## [Directions]
Go through the data from its first line and retype each line, stopping once the line containing "Brick wall decorated with growing Ivy tree" has been retyped.

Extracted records
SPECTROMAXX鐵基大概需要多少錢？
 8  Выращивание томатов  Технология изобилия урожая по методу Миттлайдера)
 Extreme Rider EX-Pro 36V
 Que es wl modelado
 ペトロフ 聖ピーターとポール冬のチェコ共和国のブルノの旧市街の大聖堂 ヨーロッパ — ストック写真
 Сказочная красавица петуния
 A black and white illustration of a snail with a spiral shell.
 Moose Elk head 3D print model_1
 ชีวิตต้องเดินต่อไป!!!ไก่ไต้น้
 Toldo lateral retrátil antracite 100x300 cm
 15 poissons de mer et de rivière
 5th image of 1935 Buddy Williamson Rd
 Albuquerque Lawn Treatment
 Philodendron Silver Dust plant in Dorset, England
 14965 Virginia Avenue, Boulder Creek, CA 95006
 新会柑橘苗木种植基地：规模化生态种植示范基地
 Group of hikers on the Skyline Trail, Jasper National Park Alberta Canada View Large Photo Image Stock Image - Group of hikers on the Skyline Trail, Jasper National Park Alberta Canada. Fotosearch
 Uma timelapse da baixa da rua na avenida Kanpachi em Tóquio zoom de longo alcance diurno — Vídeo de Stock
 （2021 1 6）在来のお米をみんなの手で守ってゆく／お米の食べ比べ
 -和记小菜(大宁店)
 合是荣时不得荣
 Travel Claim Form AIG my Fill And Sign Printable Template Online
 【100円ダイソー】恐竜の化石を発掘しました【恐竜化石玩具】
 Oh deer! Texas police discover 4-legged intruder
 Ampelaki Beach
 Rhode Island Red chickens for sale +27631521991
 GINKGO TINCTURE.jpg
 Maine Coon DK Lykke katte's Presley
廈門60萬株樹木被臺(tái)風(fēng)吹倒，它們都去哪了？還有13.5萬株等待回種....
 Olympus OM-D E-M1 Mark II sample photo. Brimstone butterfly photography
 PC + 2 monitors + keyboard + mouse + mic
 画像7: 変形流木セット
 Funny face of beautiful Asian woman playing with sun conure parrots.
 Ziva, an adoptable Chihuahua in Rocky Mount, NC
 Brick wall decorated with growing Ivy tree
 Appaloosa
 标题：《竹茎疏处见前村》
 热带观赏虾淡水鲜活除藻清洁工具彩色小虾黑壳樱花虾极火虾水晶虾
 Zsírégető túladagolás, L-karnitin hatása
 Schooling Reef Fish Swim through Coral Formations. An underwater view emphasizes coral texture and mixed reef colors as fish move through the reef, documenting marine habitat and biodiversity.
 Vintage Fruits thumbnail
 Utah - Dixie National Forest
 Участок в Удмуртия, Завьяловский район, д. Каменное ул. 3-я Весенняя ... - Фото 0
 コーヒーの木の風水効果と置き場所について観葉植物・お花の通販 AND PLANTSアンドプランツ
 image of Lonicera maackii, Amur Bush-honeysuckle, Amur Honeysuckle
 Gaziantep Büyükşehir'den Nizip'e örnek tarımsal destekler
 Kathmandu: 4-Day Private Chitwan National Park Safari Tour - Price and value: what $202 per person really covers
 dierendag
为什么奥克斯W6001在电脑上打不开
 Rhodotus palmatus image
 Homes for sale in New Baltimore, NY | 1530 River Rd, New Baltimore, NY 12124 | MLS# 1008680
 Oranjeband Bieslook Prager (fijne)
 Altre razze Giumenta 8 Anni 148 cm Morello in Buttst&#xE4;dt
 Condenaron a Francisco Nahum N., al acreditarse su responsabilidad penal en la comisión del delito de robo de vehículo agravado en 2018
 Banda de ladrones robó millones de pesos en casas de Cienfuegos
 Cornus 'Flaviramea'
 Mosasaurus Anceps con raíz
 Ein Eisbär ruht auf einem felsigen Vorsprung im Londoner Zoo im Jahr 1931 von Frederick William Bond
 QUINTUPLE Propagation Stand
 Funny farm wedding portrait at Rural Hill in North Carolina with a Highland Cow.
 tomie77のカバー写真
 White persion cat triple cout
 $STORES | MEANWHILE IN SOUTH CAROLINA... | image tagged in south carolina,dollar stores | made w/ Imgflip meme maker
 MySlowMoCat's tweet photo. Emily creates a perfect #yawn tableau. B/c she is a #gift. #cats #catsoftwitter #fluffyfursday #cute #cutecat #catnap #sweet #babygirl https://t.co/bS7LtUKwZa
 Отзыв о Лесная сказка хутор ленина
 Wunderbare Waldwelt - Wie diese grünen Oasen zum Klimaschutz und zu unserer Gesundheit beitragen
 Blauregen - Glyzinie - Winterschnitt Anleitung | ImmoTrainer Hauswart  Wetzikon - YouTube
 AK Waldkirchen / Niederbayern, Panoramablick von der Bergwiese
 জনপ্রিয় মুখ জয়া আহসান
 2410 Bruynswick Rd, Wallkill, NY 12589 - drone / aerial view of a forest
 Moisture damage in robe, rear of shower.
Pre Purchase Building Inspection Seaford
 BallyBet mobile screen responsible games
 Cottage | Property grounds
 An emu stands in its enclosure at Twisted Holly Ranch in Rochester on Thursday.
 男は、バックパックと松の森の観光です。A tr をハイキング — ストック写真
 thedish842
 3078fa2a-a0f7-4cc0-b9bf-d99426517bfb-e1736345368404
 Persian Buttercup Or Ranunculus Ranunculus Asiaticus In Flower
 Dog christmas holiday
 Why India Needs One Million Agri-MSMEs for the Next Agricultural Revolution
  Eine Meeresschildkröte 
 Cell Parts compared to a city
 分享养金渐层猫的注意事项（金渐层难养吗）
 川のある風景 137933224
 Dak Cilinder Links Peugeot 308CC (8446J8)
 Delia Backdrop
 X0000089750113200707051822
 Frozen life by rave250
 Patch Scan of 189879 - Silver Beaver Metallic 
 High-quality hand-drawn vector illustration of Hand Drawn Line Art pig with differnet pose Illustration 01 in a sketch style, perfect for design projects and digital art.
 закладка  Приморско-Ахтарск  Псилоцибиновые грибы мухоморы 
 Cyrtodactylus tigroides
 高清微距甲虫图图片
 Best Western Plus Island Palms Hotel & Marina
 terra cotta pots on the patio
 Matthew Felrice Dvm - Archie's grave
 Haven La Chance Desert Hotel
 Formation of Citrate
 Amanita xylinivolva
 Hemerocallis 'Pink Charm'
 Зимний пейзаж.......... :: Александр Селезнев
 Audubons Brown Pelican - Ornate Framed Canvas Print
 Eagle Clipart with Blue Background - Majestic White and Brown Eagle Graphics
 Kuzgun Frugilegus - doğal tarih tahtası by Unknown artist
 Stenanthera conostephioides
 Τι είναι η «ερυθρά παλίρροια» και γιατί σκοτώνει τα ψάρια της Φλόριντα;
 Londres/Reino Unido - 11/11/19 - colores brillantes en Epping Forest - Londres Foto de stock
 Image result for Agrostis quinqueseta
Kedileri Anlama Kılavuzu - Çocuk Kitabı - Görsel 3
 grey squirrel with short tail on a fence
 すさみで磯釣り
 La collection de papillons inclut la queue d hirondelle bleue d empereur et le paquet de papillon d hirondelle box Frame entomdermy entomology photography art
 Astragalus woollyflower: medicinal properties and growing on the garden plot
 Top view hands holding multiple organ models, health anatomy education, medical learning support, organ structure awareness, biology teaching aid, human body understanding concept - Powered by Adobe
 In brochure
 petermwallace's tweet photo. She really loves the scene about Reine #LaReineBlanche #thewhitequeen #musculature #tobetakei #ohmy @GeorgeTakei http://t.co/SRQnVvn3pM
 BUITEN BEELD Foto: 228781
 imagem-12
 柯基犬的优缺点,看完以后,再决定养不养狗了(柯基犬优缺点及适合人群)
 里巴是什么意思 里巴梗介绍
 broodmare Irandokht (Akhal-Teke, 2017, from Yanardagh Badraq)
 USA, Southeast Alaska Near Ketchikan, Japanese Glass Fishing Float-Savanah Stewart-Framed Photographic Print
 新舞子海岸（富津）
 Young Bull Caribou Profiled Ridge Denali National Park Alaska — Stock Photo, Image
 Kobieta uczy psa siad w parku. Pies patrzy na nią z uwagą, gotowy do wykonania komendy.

## [Task response]
SPECTROMAXX鐵基大概需要多少錢？
 8  Выращивание томатов  Технология изобилия урожая по методу Миттлайдера)
 Extreme Rider EX-Pro 36V
 Que es wl modelado
 ペトロフ 聖ピーターとポール冬のチェコ共和国のブルノの旧市街の大聖堂 ヨーロッパ — ストック写真
 Сказочная красавица петуния
 A black and white illustration of a snail with a spiral shell.
 Moose Elk head 3D print model_1
 ชีวิตต้องเดินต่อไป!!!ไก่ไต้น้
 Toldo lateral retrátil antracite 100x300 cm
 15 poissons de mer et de rivière
 5th image of 1935 Buddy Williamson Rd
 Albuquerque Lawn Treatment
 Philodendron Silver Dust plant in Dorset, England
 14965 Virginia Avenue, Boulder Creek, CA 95006
 新会柑橘苗木种植基地：规模化生态种植示范基地
 Group of hikers on the Skyline Trail, Jasper National Park Alberta Canada View Large Photo Image Stock Image - Group of hikers on the Skyline Trail, Jasper National Park Alberta Canada. Fotosearch
 Uma timelapse da baixa da rua na avenida Kanpachi em Tóquio zoom de longo alcance diurno — Vídeo de Stock
 （2021 1 6）在来のお米をみんなの手で守ってゆく／お米の食べ比べ
 -和记小菜(大宁店)
 合是荣时不得荣
 Travel Claim Form AIG my Fill And Sign Printable Template Online
 【100円ダイソー】恐竜の化石を発掘しました【恐竜化石玩具】
 Oh deer! Texas police discover 4-legged intruder
 Ampelaki Beach
 Rhode Island Red chickens for sale +27631521991
 GINKGO TINCTURE.jpg
 Maine Coon DK Lykke katte's Presley
廈門60萬株樹木被臺(tái)風(fēng)吹倒，它們都去哪了？還有13.5萬株等待回種....
 Olympus OM-D E-M1 Mark II sample photo. Brimstone butterfly photography
 PC + 2 monitors + keyboard + mouse + mic
 画像7: 変形流木セット
 Funny face of beautiful Asian woman playing with sun conure parrots.
 Ziva, an adoptable Chihuahua in Rocky Mount, NC
 Brick wall decorated with growing Ivy tree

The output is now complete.